[PROVIDED RECORDS]
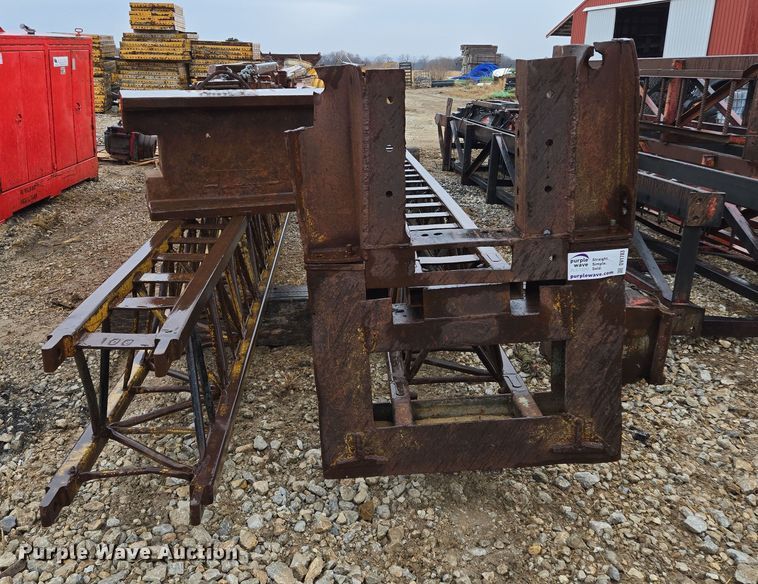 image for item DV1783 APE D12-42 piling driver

==

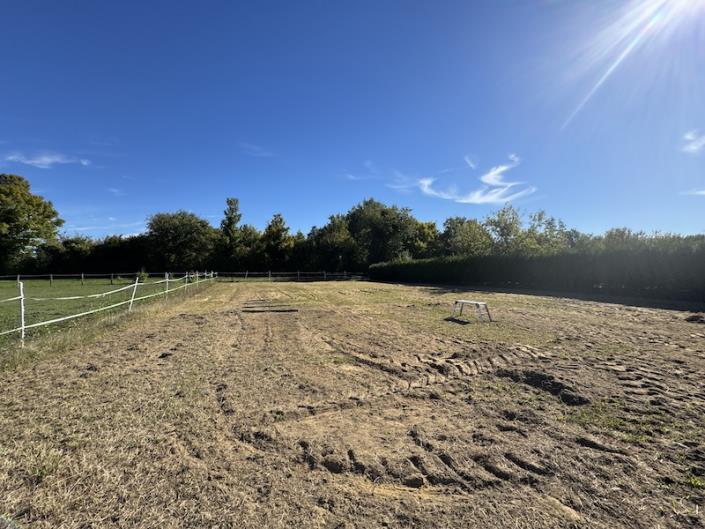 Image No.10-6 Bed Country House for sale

* * *

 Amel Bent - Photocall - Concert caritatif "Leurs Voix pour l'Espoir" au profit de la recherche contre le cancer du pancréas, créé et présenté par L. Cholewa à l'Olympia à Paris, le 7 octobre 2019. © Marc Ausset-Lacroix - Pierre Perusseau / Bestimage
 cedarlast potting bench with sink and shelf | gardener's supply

[EXERCISE INSTRUCTIONS] Out of the listing above, reproduce exactly the lines from the one with "Amel Bent - Photocall" up to and including the one with "cedarlast potting bench".

[SOLVED PROBLEM]
 Amel Bent - Photocall - Concert caritatif "Leurs Voix pour l'Espoir" au profit de la recherche contre le cancer du pancréas, créé et présenté par L. Cholewa à l'Olympia à Paris, le 7 octobre 2019. © Marc Ausset-Lacroix - Pierre Perusseau / Bestimage
 cedarlast potting bench with sink and shelf | gardener's supply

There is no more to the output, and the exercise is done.